Commuting From Home

So I’m overall pretty stoked to be working from home. The reasons why I’m working from home are terrible, but I take my silver linings where I can.

I’m also a person who, in broad strokes, has difficulties with transitions. I like to be operating in a known context for any number of reasons but changing from one context to another is challenging to me.

I’ve known for a while that a bit of physical activity in my communiting helps with that. In good weather I prefer to ride my bike to my office, and even in the winter I do things like get off at earlier stops to walk a bit.

Commuting has been part of how I meet my baseline physical activity needs for several years, and it’s been my primary tool for that purpose for at least two as I’ve taken a break from running for a while and wasn’t making good use of my gym membership either.

To address my physical activity needs, I’ve been taking regular walks with the dog and doing considerably more daily flights of stairs. These are adequate in the short term until it’s warm enough for me to enjoy cycling again.

I hadn’t really considered my mental transition needs though. It’s been a bit of a challenge for the past week or so, but it is also something I’ve struggled with when I’d work from home for a day here and there historically.

A few days ago almost by accident, I opened my laptop in the morning while eating breakfast. This was a breach in the life/work firewall but no more so than reading work Slack in the evenings while noodling around on the computer anyway.

And that day was easier.

It was easier for several reasons, but today I devised the hypothesis that a transitionary period where I’m doing work outside of the basement might be the thing. It’s a soft transition and allows me to gradually shift focus the way I might during a commute. Instead of expecting myself to walk up the stairs and be entirely home focussed I can do otherwise.

I don’t know, as I get to this point and write it out it actually sounds bad. It sounds like a beachhead of boundary issues, not a gentle transition.

Drafting this post was today’s transition and I wonder if this sort of thing is a better task than actual work. Spending some time thinking and writing is a work brain activity but in a non-work context. Maybe that is the secret.

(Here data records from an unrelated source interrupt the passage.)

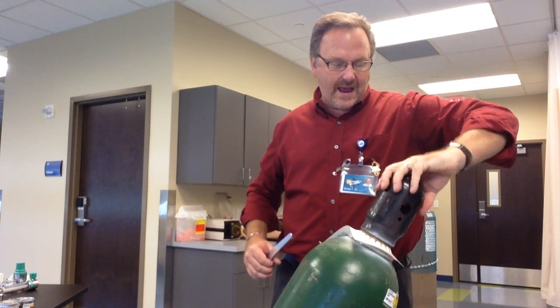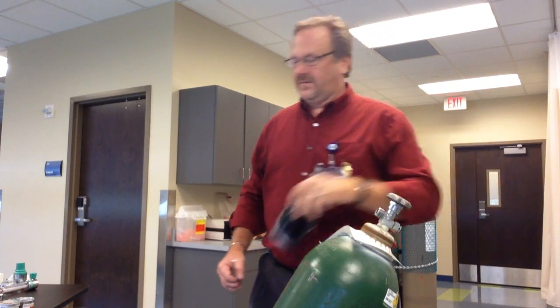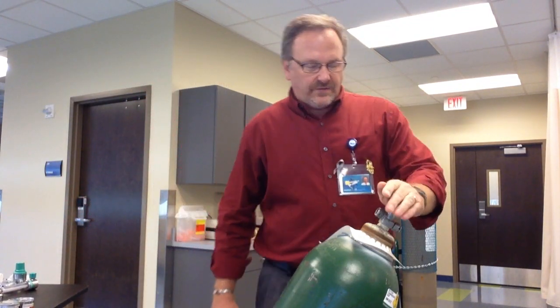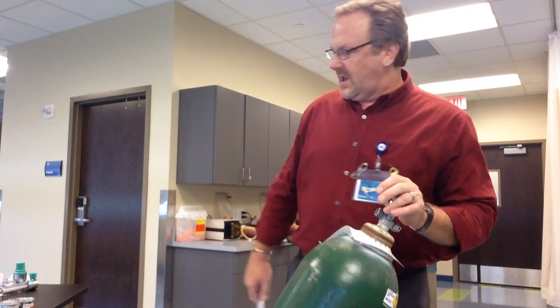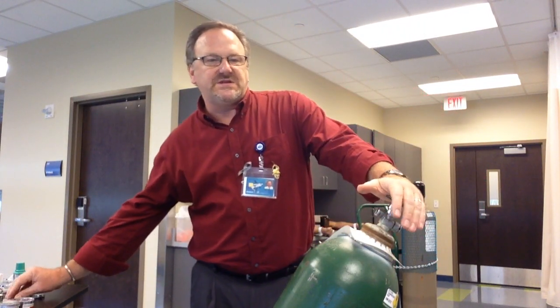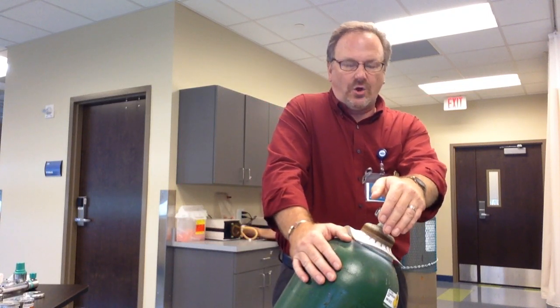Then you take your cap off. There's my stem. The first thing I want to do is make sure there's no debris in here. These tanks may have been sitting on the back dock, sitting in storage — who knows how long.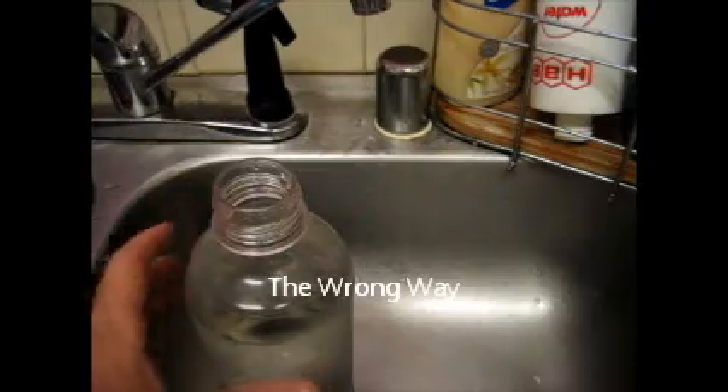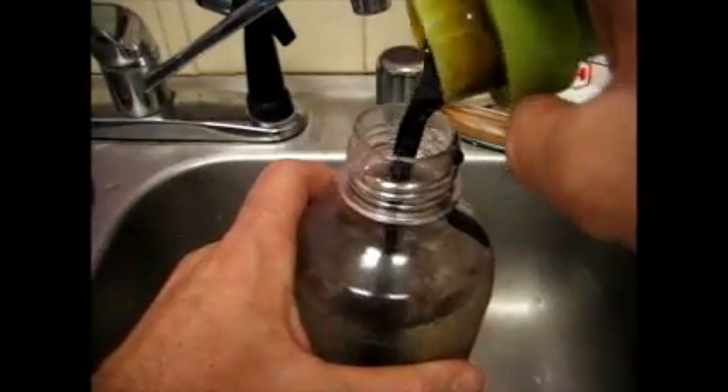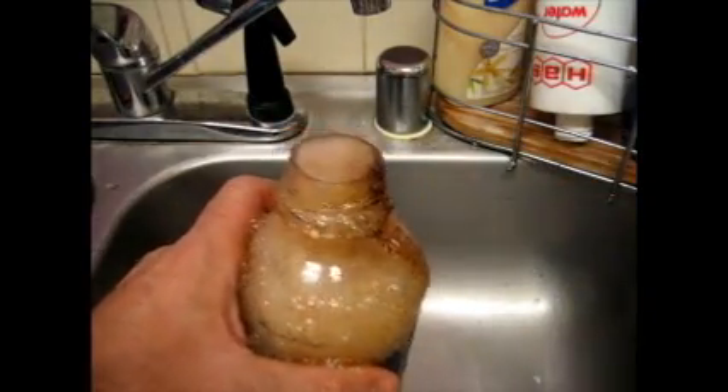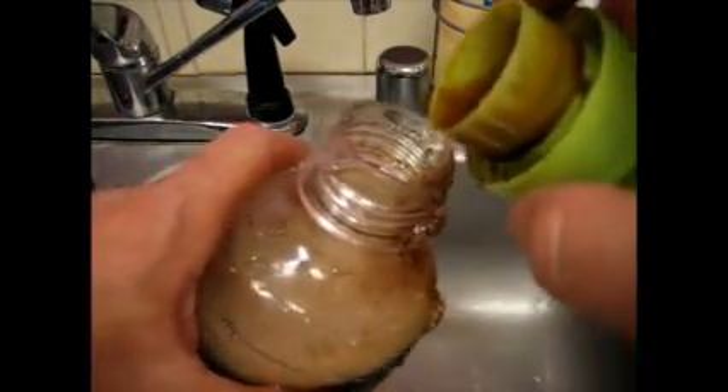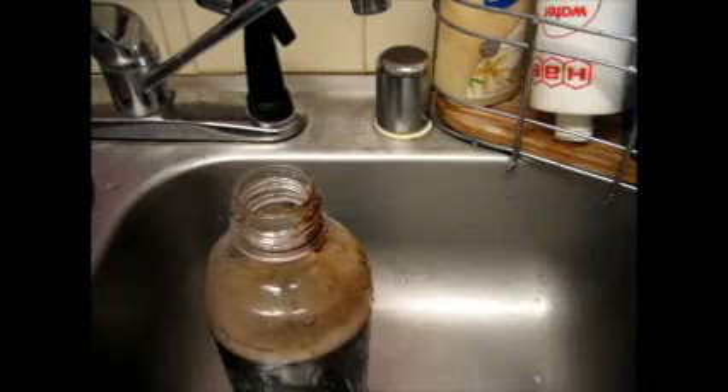When you do SodaStream the wrong way, you just drop the syrup straight down in there — and, well, you get the idea. So that's why you always put it down the side, so it just goes right in there and you don't get that mess accident that just happened.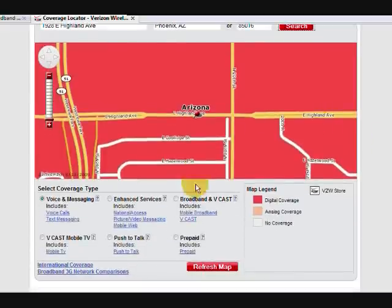The first screen that comes up is going to show you your voice coverage, but we're interested in mobile internet, so go ahead and click the radio button for broadband and Vcast, and then click refresh.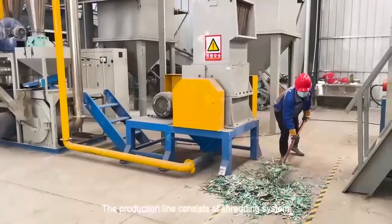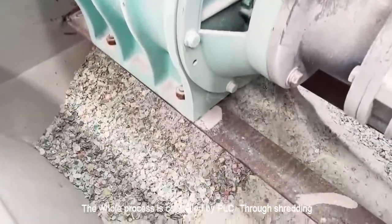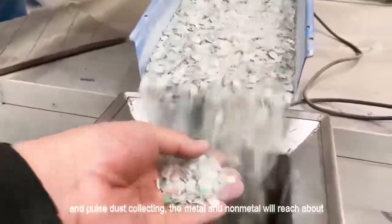The production line consists of shredding system, milling system, sorting system, and dust collection system. The whole process is controlled by PLC through shredding, grinding, vibration screening, gravity separating, electrostatic separating, and pulse dust collecting.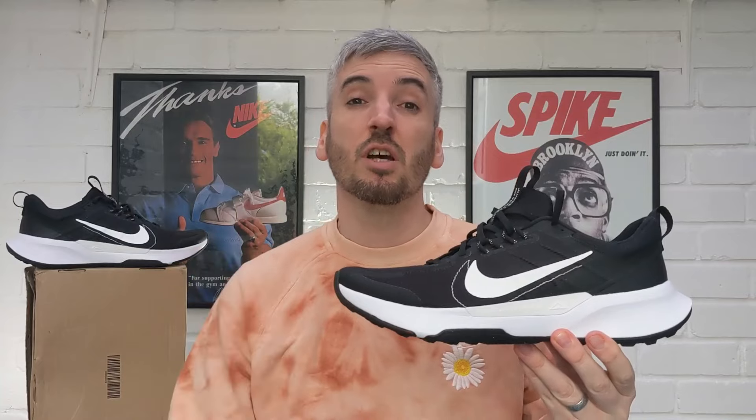Tipping the scales at just over 330 grams, that's a really good weight for the Nike Juniper Trail 2s. I think any sneaker under the 350 gram mark can be considered lightweight — anything above 350, 400, 450 and you're getting into heavyweight territory. Considering the amount of materials used on the upper — the fly wire, overlays, extra stability, foam detailing, chunky midsole, and hardened grip outsole — to keep that down to just over 330 grams is a really nice job by Nike.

I’m not a hard line kind of person, but routines are crucial and good habits are the only reason I’m able to ever actually get anything done and ultimately the transition that I’m struggling with most is monumentally larger in scale than where I’m directing my attention in my day-to-day life but this is less a post about having all the solutions and more a return to the style of writing I enjoy the most, which is rambling, mostly pointless and tapers off instead of drawing conclusions.